12. The method according to claim 1, wherein the pre-defined criteria comprises at least one of a minimum line width and a maximum line width of the shapes in a single dimension.

13. The method according to claim 1, wherein the pre-defined criteria comprises at least one of a minimum distance and a maximum distance of the shapes with respect to an adjacent shape.

14. The method according to claim 1, wherein said method is implemented by a program storage device readable by machine, tangibly embodying a program of instructions executable by the machine to perform said method steps.

15. A method for Optical Proximity Correction (OPC) of a semiconductor device, comprising the steps of: pre-sorting at least one of shapes and shape edges into groups based on pre-defined criteria; respectively identifying a smallest region of interest corresponding to each of the groups; and respectively applying the identified smallest region of interest corresponding to each of the groups to at least one of the shapes and the shape edges comprised therein.

16. The method according to claim 15, wherein the pre-defined criteria comprise properties associated with at least one of the shapes and the shape edges during a design process of the semiconductor device.

17. The method according to claim 15, wherein the pre-defined criteria comprise labels associated with at least one of the shapes and the shape edges during the design process of the semiconductor device.

18. The method according to claim 15, wherein said pre-sorting step comprises the step of pre-designating at least one particular group for at least one of a particular shape and a particular shape edge.
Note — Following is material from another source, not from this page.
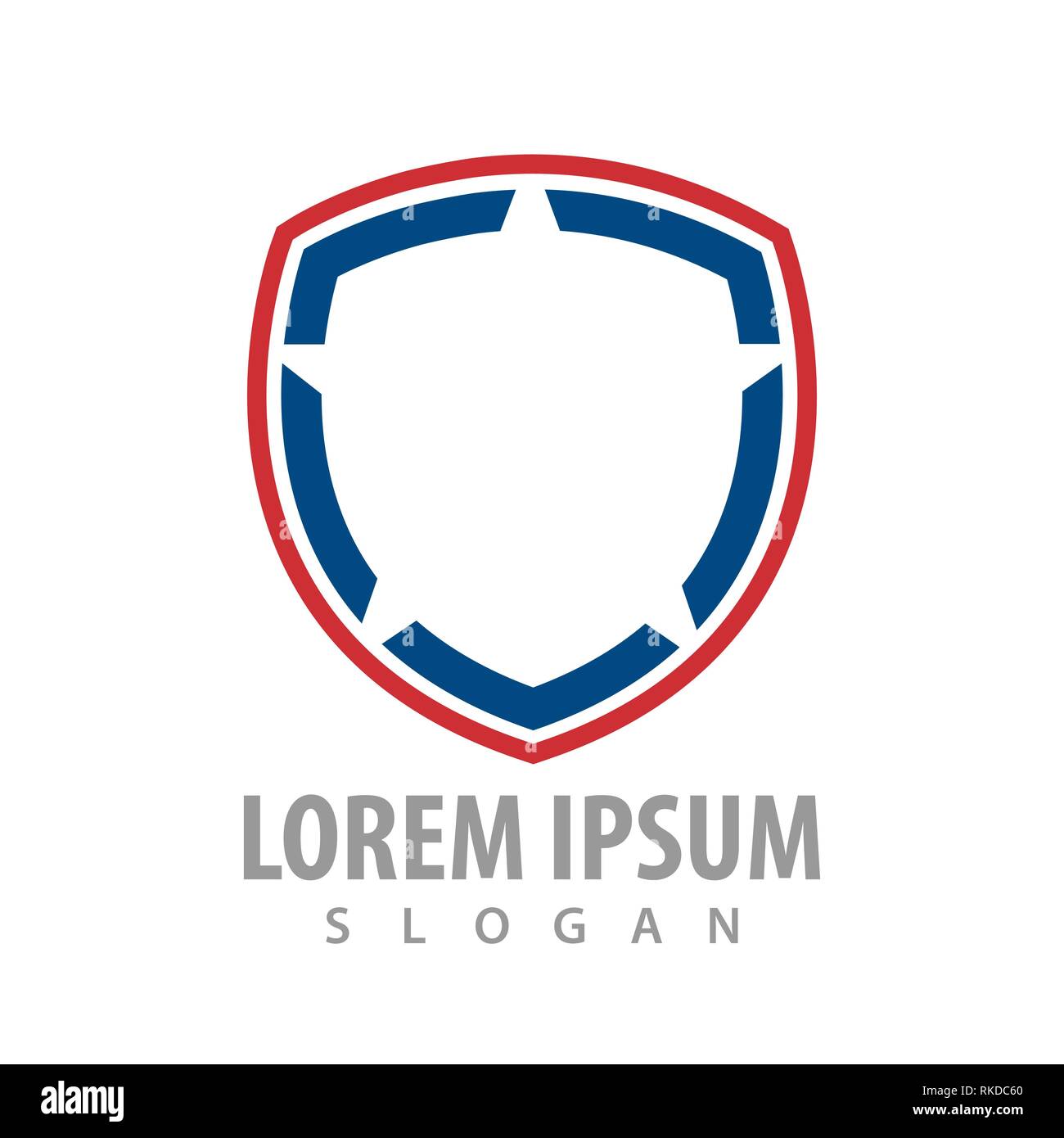 Ligne du Bouclier bleu rouge concept logo design. L'élément de modèle graphique symbole Illustration de Vecteur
19. The method according to claim 15, wherein the pre-defined criteria comprise geometric properties of at least one of the shapes and the shape edges.

20. The method according to claim 19, wherein said pre-sorting step comprises the step of algorithmically determining at least one of the groups from the geometric properties of the at least one of the shapes and the shape edges.

21. The method according to claim 15, wherein the pre-defined criteria comprises structural properties of an overall design of the semiconductor device.

22. The method according to claim 21, wherein said pre-sorting step comprises the step of algorithmically determining at least one of the groups from the structural properties of the overall design of the semiconductor device.

23. The method according to claim 15, wherein the pre-defined criteria comprise at least one of the shapes and the shape edges for which a larger region of interest is required.

24. The method according to claim 1, wherein said method is implemented by a program storage device readable by machine, tangibly embodying a program of instructions executable by the machine to perform said method steps.